Fabien : 18/20 | L’histoire d’Amon débute quelques années après la création de Death, Morbid Angel, Ravage et Xecutionner (Atheist, Obituary), le 21 juillet 1987 exactement. Glen Benton, désespérément seul dans sa petite bourgade de Floride, ayant lancé plusieurs annonces pour trouver les musiciens partageant ses goûts extrêmes, reçoit ce jour là un coup de fil de Brian Hoffman, lui annonçant qu’il joue de la guitare avec son frère Eric, sur les rythmes de Steve Asheim, recherchant alors un chanteur. Glen rencontre rapidement le trio, et satisfait, leur propose de venir s’installer dans son propre garage. La bande se met immédiatement au travail, se baptise Amon (en référence au dieu égyptien) et compose quatre ou cinq titres dans la foulée.

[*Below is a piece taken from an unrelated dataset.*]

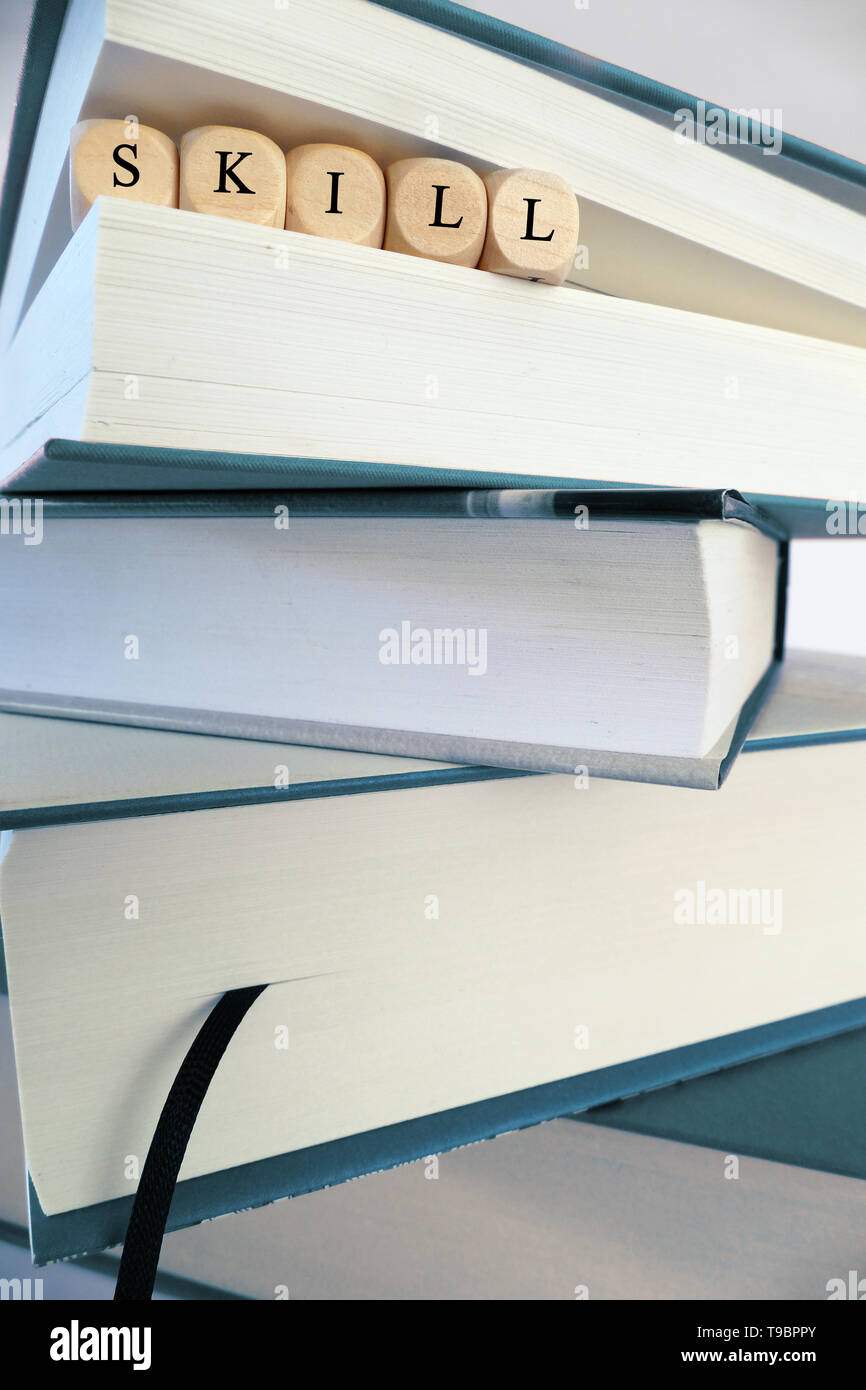 Skill message written in wooden blocks between pages of a book in a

Puis, un beau jour de 1989, de passage à New York, avec en main une de ses démos enregistrée par Scott Burns au studio Morrisound local, Benton surgit dans les locaux de Roadrunner (encore à taille humaine à l’époque), balance la cassette sur le bureau de Monte Connor, l’invitant sans ménagement à écouter l’enregistrement. Le lendemain, conquis par le deathmetal du quatuor, le boss du label lui propose un contrat encore tout chaud. C’est ainsi que, désormais rebaptisé Deicide (tueur de Dieu), le gang floridien investi de nouveau le Morrisound avec Scott Burns, pour l’enregistrement de son album éponyme, en mars 1990, à une époque où le deathmetal est en train de faire sérieusement parler la poudre.
Dès la sortie de son album en juin 1990, Deicide fait immédiatement sensation, balançant un deathmetal brutal et sombre, sur un concept ouvertement satanique et des paroles provocantes, faisant alors passer Venom, Slayer, Celtic Frost & Possessed pour des enfants de choeurs, et déchaînant les articles & les rumeurs les plus folles dans la presse spécialisée.
Mais, au-delà de son image outrancière, contribuant sans conteste à son succès, Deicide développe un deathmetal brillant par sa brutalité et sa précision. Les rythmiques d’Asheim sont en effet réglées au millimètre près, dégageant toute la puissance nécessaire pour les jeux de guitares rapides des frères Hoffman, qui assènent une succession de riffs particulièrement brutaux et incisifs, à l’image du couple infernal de Sacrificial Suicide & Oblivious To Evil. Benton enfonce alors littéralement le clou avec son guttural d’une attaque sans équivalent, beuglant à s’en arracher les cordes vocales, notamment sur le refrain démoniaque de Dead By Dawn.
Grâce à un album culte et diabolique de la première à la dernière seconde, Deicide s’impose de suite sur la scène deathmetal de l’époque, grâce à sa brutalité sombre et à son aura satanique manifeste. Le groupe participe ainsi en 1990 à l’un des étés les plus meurtriers, depuis l’Europe et ses missiles d’Entombed ou Napalm Death (Left, Harmony), jusqu’aux Etats-Unis avec ceux de Nocturnus, Obituary ou Cannibal Corpse (Key, Cause, Eaten), subjuguant alors tous les jeunes thrashers et deathsters en herbe.